The trepidation within was now stifling all outside noise; one no longer heard the rumbling of the vehicles, nor the banging of the carriage-doors; nothing remained above the vast murmur of business but the sentiment of this enormous Paris, of such immensity that it would always furnish buyers. In the heavy still air, in which the fumes of the heating apparatus warmed the odour of the stuffs, the hubbub increased, made up of all sorts of noises, of the continual walking about, of the same phrases, a hundred times repeated around the counters, of the gold jingling on the brass of the pay-desks, besieged by a legion of purses, and of the baskets on wheels loaded with parcels which were constantly disappearing into the gaping cellars. And, amidst the fine dust, everything finished by getting mixed up, it became impossible to recognise the divisions of the different departments; the haberdashery department over there seemed drowned; further on, in the linen department, a ray of sunshine, entering by the window in the Rue Neuve-Saint-Augustin, was like a golden dart in a heap of snow; close by, in the glove and woollen departments, a dense mass of bonnets and chignons hid the background of the shop from view. The toilettes were no longer visible, the head-dresses alone appeared, decked with feathers and ribbons.

A few men's hats introduced here and there a black spot, whilst the women's pale complexions assumed in the fatigue and heat the transparencies of the camellia.
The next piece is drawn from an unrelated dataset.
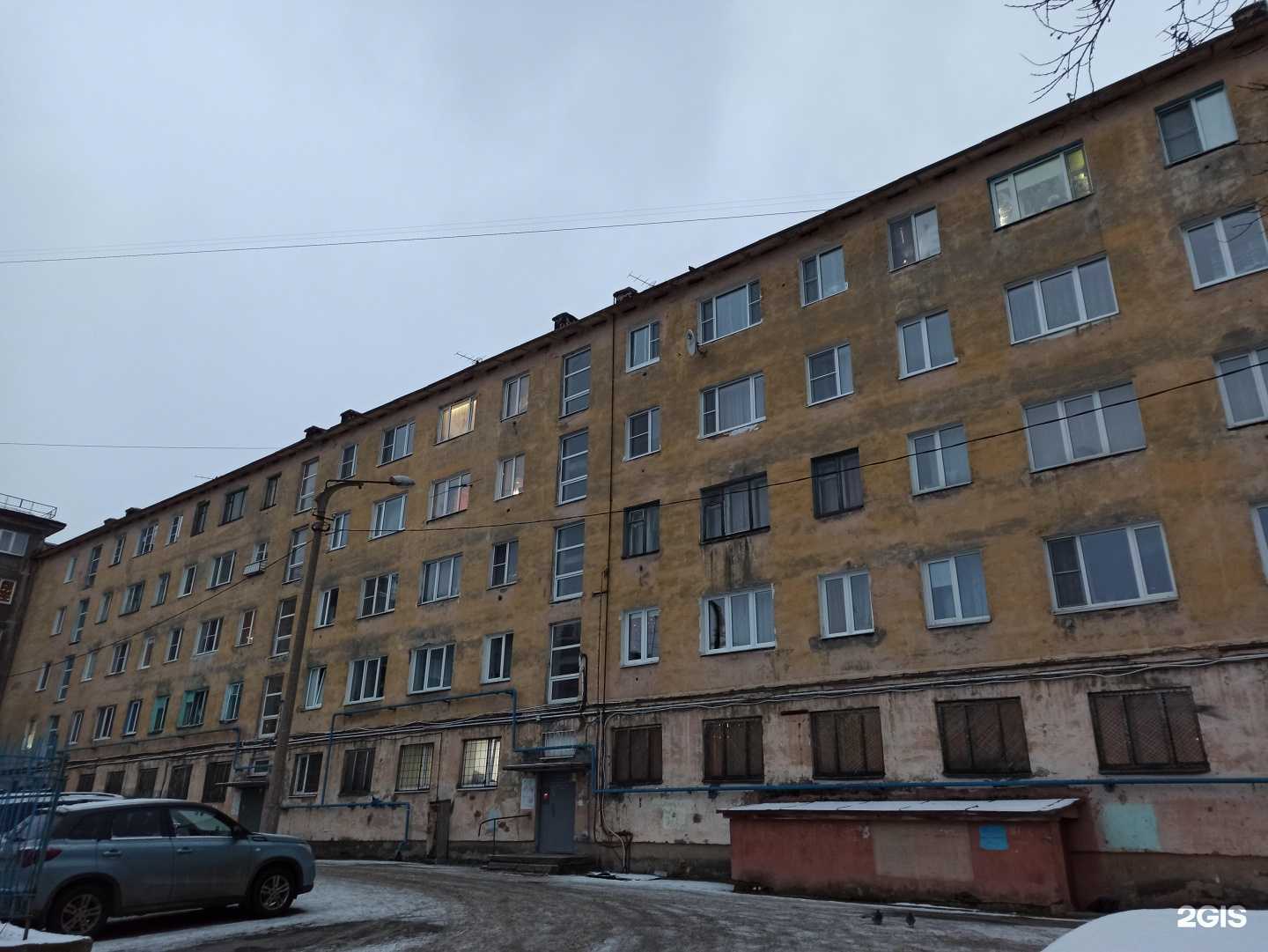 Отзывы на компанию Евразия Авто в Мурманске c фото - фотография 2 из 2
At last, Hutin—thanks to his vigorous elbows—was able to open a way for the ladies, by keeping in front of them. But on ascending the stairs, Henriette could not find Mouret, who had just plunged Vallagnosc right into the crowd to complete his bewilderment, himself feeling the physical want of a dip into this bath of success. He lost his breath deliciously, he felt against his limbs a sort of caress from all his customers.

“To the left, ladies,” said Hutin, still attentive, notwithstanding his increasing exasperation.
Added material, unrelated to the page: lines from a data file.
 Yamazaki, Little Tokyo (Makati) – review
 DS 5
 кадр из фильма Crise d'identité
Up above there was the same block. It invaded even the furnishing department, usually the quietest. The shawl, the fur, and the under-clothing departments swarmed with people. As the ladies were crossing the lace department another meeting took place. Madame de Boves was there with her daughter Blanche, both buried in the articles Deloche was showing them. And Hutin had to make another halt, bundle in hand.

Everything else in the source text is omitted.